In Lemare Lake Logging Ltd. v. 3L Cattle Company Ltd. and The Attorney General For Saskatchewan, 2014 SKCA 35, a secured creditor applied for an Order appointing a receiver of a Saskatchewan cattle ranching corporation pursuant to section 243 of the federal BIA. The ranch enterprise argued that the receivership application was a nullity, owing to the fact that, prior to commencing the section 243 BIA interim receivership application, the secured creditor had failed to comply with Part II of the provincial SFSA.

Part II of the SFSA is an elaborate provincial legislative regime which governs actions with respect to Saskatchewan farmland. Section 11(1) of the SFSA provides that no person may commence an action with respect to a mortgage on Saskatchewan farmland without first obtaining leave of the Court to do so.

In order to obtain section 11(1) SFSA leave, a secured creditor is required to participate in a process requiring: (a) the secured creditor to serve a 150-day notice of intention on the mortgagor and on the Farm Land Security Board (the “FLSB”); (b) the secured creditor to participate in mandatory mediation with the mortgagor; (c) the FLSB to prepare a Report addressing whether the mortgagor has a reasonable possibility of meeting its obligations under the mortgage and whether it is making a sincere and reasonable effort to meet its obligations under the mortgage; (d) the Court hearing the leave application being required to start from a presumption that the mortgagor has a reasonable possibility of meeting its obligations under the mortgage and has been making a sincere and reasonable effort to meet its obligations under the mortgage; (e) the secured creditor being required to prove that the mortgagor has no reasonable possibility of meeting its obligations under the mortgage or that the mortgagor has not been making a sincere and reasonable effort to meet its obligations under the mortgage, failing which the leave application will be dismissed; and (f) even if the secured creditor meets this burden of proof, if the Court is not otherwise satisfied that it was just and equitable according to the purpose and spirit of the SFSA to make the Order, the Court is required to dismiss the SFSA leave application.

In the Court of Queen’s Bench For Saskatchewan, the secured creditor’s section 243 BIA application to appoint a receiver of the ranch was dismissed on grounds that (among other things) the secured creditor had failed to comply with Part II of the SFSA.

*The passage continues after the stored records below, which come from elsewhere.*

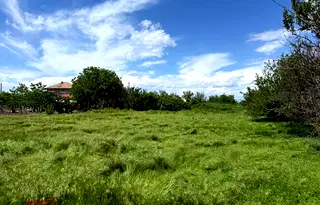 Къща в Пловдив, с. Белозем
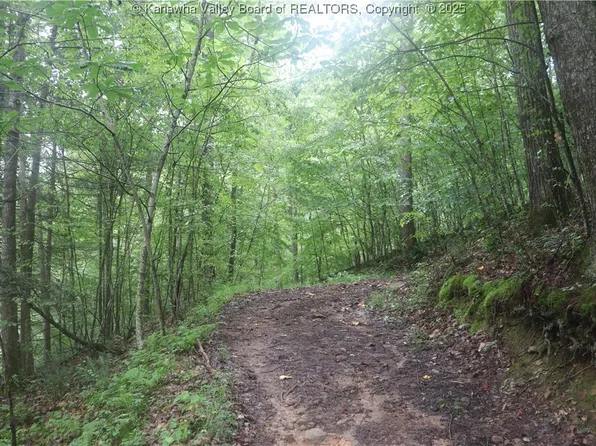 0 Off Route 16 Rd, Ivydale, WV 25113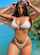 brunette big tits model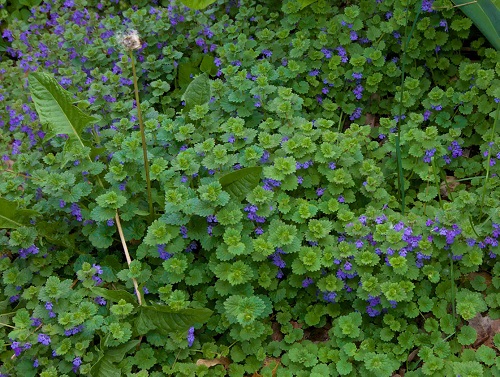 Ground Cover with Blue Flowers 10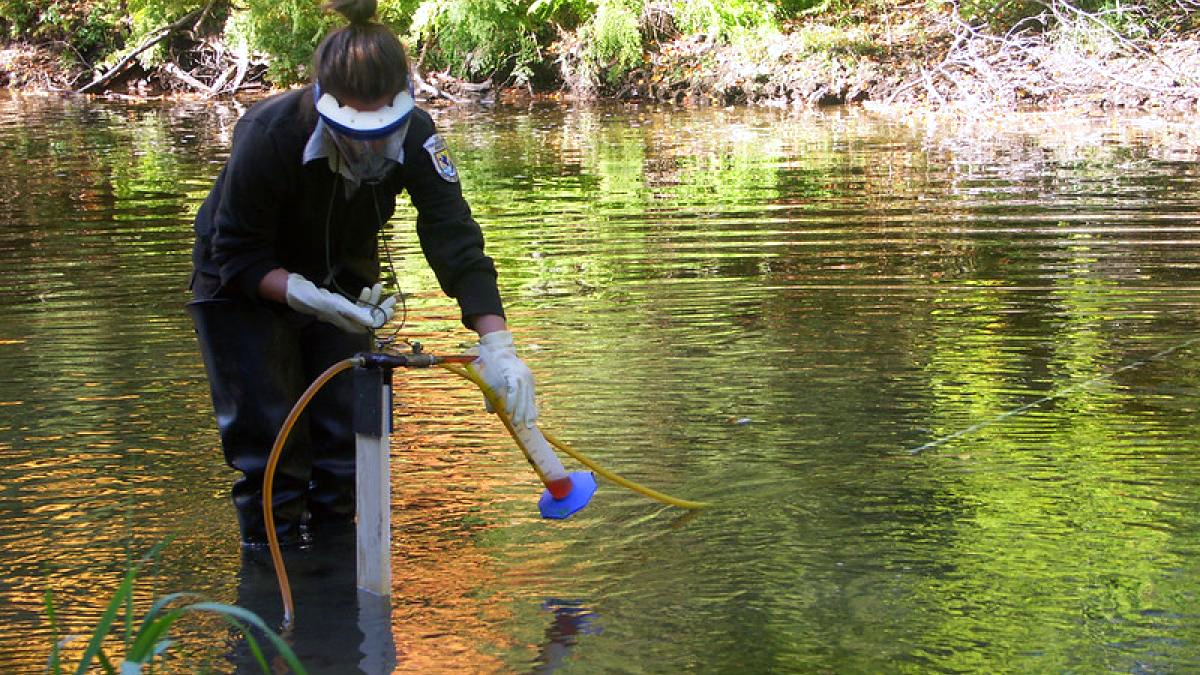 Woman in a river testing water quality.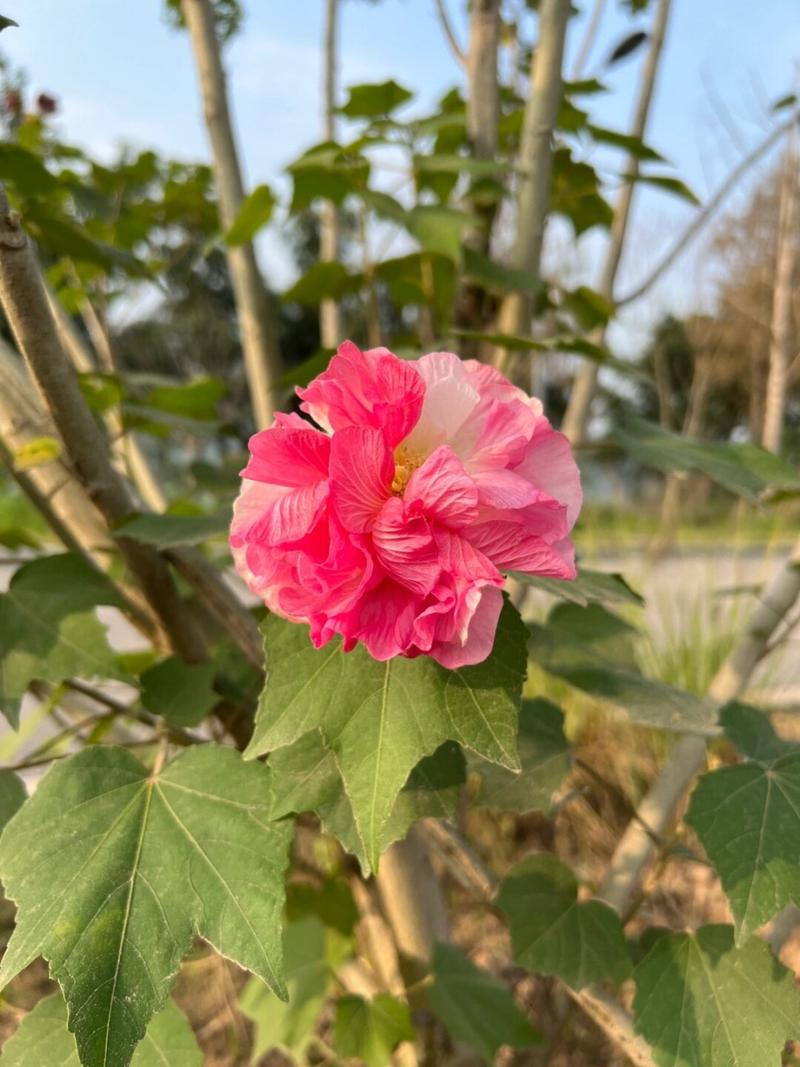 木芙蓉花有毒吗?木芙蓉花可以在家里养吗?木芙蓉作用介绍!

The Saskatchewan Court of Appeal held that Part II of the SFSA was rendered inoperative because of the doctrine of federal paramountcy. Specifically, the Saskatchewan Court of Appeal held that Part II of the SFSA frustrated the purpose of section 243 of the BIA. The Court ruled that “the effectiveness, and ultimately the purpose, of s. 243(1) of the BIA is undermined very substantially by Part II of the SFSA”. The result was that the Court of Appeal concluded that Part II of the SFSA is inoperative in circumstances where an application is made to appoint a receiver pursuant to s. 243(1) of the BIA.

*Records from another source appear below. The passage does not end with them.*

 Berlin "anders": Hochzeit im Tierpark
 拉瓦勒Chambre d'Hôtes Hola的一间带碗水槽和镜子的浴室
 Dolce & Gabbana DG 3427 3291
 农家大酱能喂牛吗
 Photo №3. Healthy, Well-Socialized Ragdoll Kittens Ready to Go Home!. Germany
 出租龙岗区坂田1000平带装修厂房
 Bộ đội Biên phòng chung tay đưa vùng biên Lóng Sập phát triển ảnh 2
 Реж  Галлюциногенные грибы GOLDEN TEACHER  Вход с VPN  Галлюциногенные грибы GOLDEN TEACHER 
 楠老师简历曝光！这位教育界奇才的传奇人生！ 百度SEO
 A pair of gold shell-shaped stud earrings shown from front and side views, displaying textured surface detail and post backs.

The Court of Appeal ultimately dismissed the appeal on grounds that, on the merits, the Court of Queen’s Bench Judge had not erred in her ultimate decision to refrain from appointing a receiver on grounds that it was not “just or convenient” to do so. The Court of Appeal concluded that the secured creditor should proceed against the mortgagor by means of foreclosure.

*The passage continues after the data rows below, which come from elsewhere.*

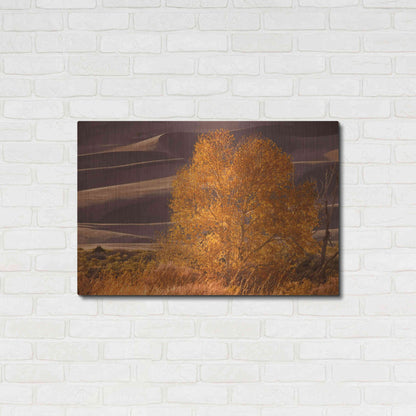 Luxe Metal Art 'Sand Dunes NP' by Mike Jones, Metal Wall Art,36x24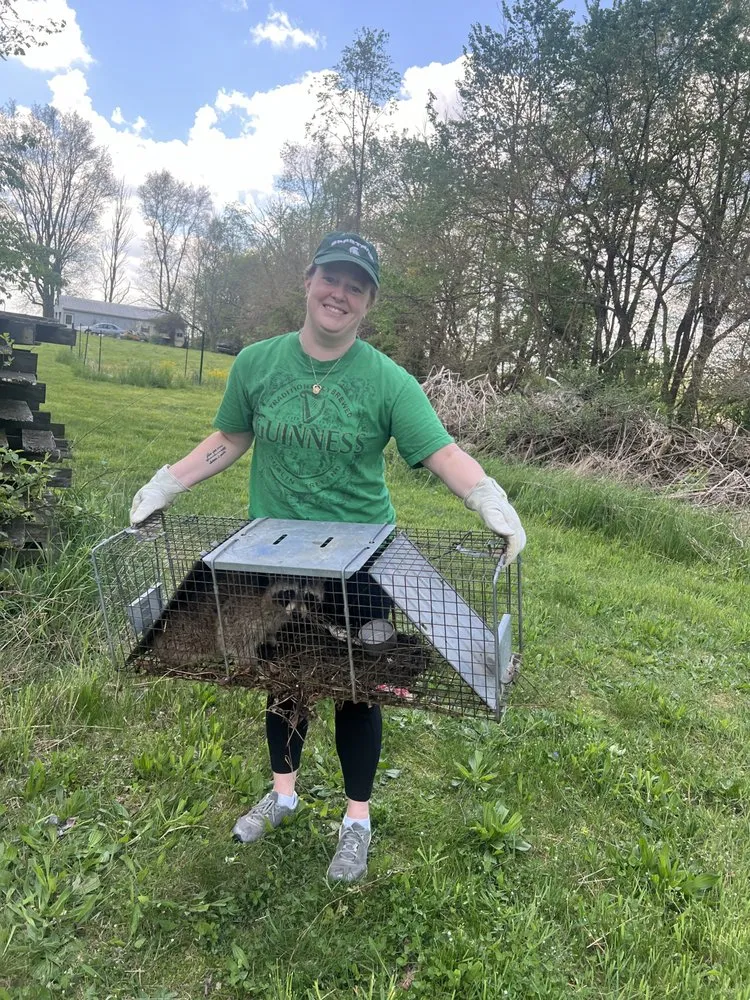 Trusted lawn mowing service in Berrien Springs, MI - Tim's Helping Hands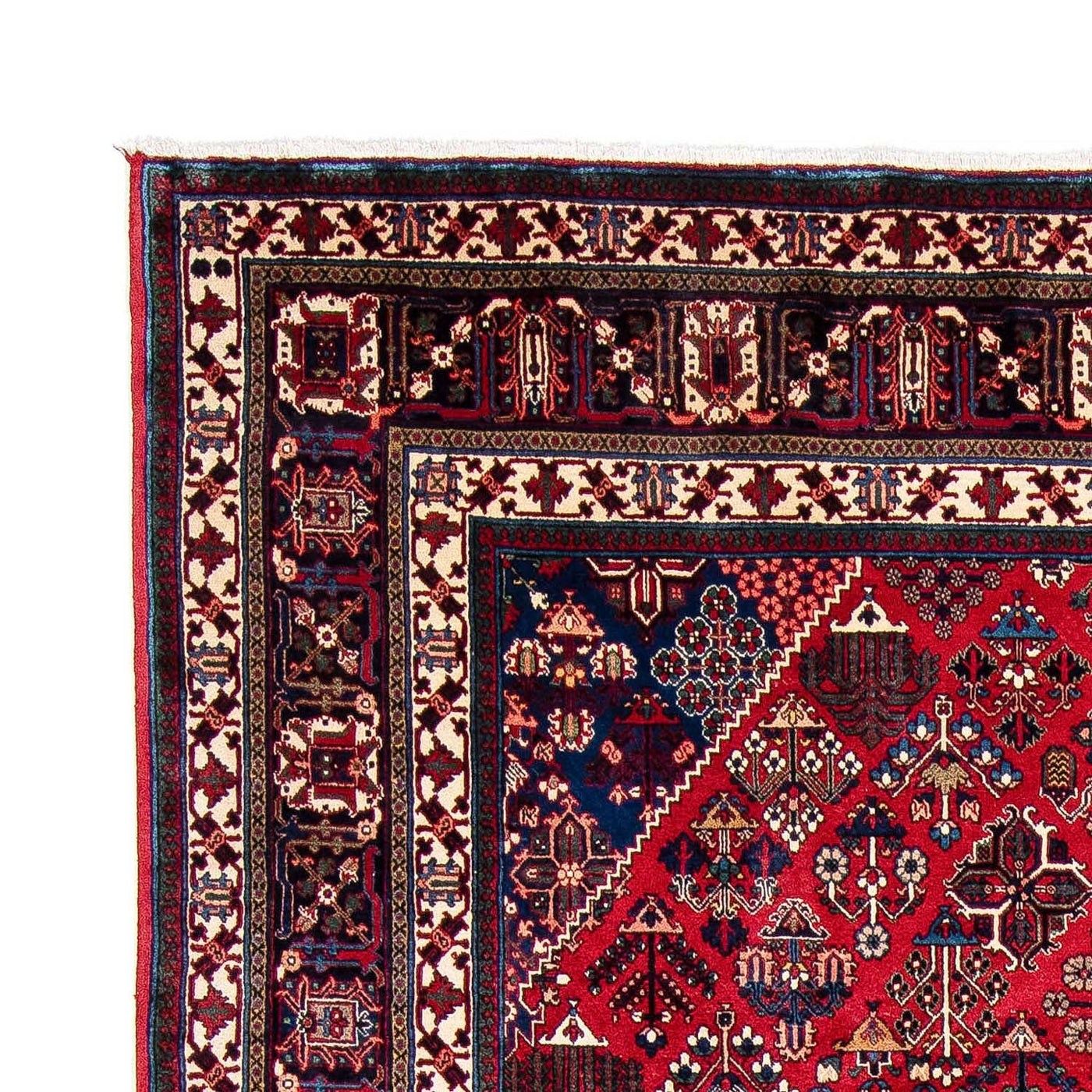 Meymeh Rug 343x235cm - Persian Rugs
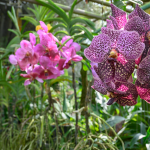 Diversas Cores de Oquídea Vanda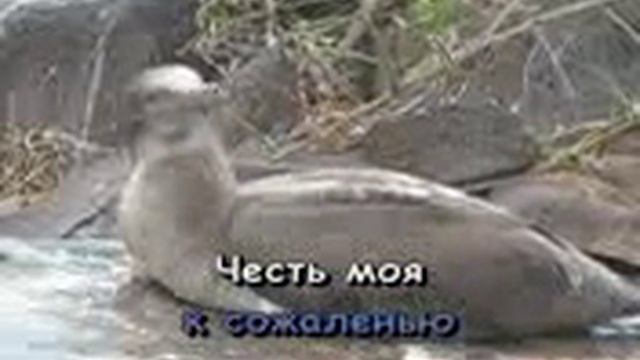 Шура - Холодная луна смотреть онлайн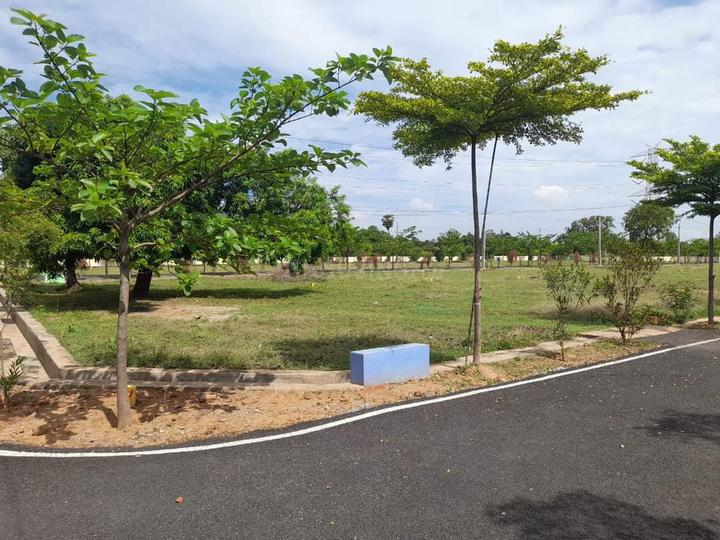 Kothavalasa Main Image 1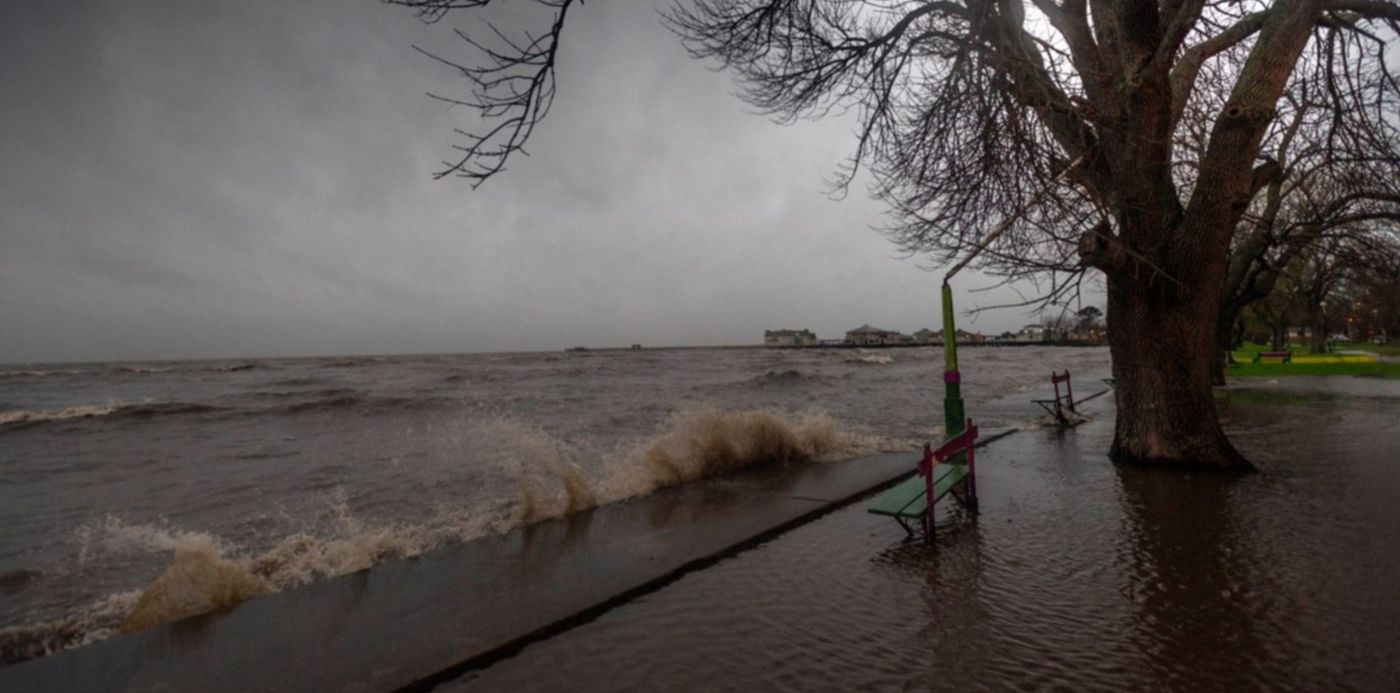 1549930470762.jpg?height=736&rotate=0&oh=994&x=14&y=237&scaleY=1&ow=1500&width=1472&scaleX=1&&cw=1920&ch=950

The Saskatchewan Court of Appeal decision in Lemare Lake Logging Ltd. establishes conclusively that secured creditors commencing section 243 BIA applications to appoint receivers of Saskatchewan agricultural enterprises are not required to comply with Part II of the SFSA.

The Attorney General For Saskatchewan has applied for leave to appeal the decision to the Supreme Court of Canada.